Challenges to Democracy in the trans-Atlantic Space – the Year Ahead

DPC is sharing threads posted on Twitter/X for readers not on that platform.

1/As 2024 begins to unfold, DPC will be keeping its eye on a number of issues that will have an impact on the quality of the democratic world and in particular on the trans-Atlantic space.

2/ The US presidential election will be pivotal in determining the country’s domestic trajectory as well as its foreign policy.

3/It should not be a surprise that illiberals (Putin, Orban, Vucic, Netanyahu, etc.) are salivating for a Trump victory and an even more transactional and values-free US posture.

4/This is tightly tied to the war in Ukraine. While Ukrainians continue to resist and fight, it is broadly accepted that no major dynamics will change until after the US election as Moscow knows a Trump presidency would enable a free hand.

5/Sweden’s accession to NATO, following long delays by Turkey and Hungary, will be a positive for the alliance and a reminder of its continued relevance as a values-based security guarantor for members.

6/European Parliament elections in June will impact the EU’s strategic posture and commitment to key values; there are few signs that the body will not shift to the right, with an impact on issues including migration, enlargement, and trans-Atlantic security and cohesion.

7/In the W Balkans, the enlargement perspective will likely remain performative due to a lack of genuine reform interest among regional leaders and, inter alia, the gap between the announced push for enlargement and the will to do the necessary internal reforms among EU members.

8/ Without a change in policy, this will represent a real opportunity lost, and could open the door to increasingly blurred lines between Russkiy Mir and Srpski Svet, in Serbia, Montenegro, BiH and N Macedonia; increasing security threats the West claims to want to prevent.

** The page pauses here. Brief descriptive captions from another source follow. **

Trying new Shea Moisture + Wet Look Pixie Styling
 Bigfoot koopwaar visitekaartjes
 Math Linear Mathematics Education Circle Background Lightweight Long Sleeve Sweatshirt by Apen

9/The muted reactions of Western capitals to Serbia’s Dec elections, marked by widely reported election fraud, mean that Vucic’s coalition will continue to see little need to change its illiberal domestic or foreign policy posture, particularly vis-à-vis its neighbors…

10/…so expect more of the same in Kosovo, & even more pressure on the govt in Prishtina.

11/ These dynamics will contribute to further backsliding in BiH. Local elections in October could demonstrate popular disgust at current political options/remixes. However, the Dayton structure will likely deliver more of the same in spite of increasing citizen sentiment …

12/… that both local and foreign actors have an interest in sustaining a dysfunctional status quo. In BiH and regionally, this benefits those interested in the emerging free-for-all for property, mining and HE resources in BiH, Serbia, and other WB countries…

13/…as Western companies with their govts’ support secure and exploit concessions with governments and parties with little transparency, accountability or genuine citizen input.

14/While seemingly grim on many levels none of these trends needs to be inevitable. There are values-based allies in the region. Many have been in evidence on the streets in Serbia. Others include activists fighting against corruption and exploitation in every other country.

15/Yet these allies seem to be increasingly ignored, sidelined or neutralized, to the West’s peril.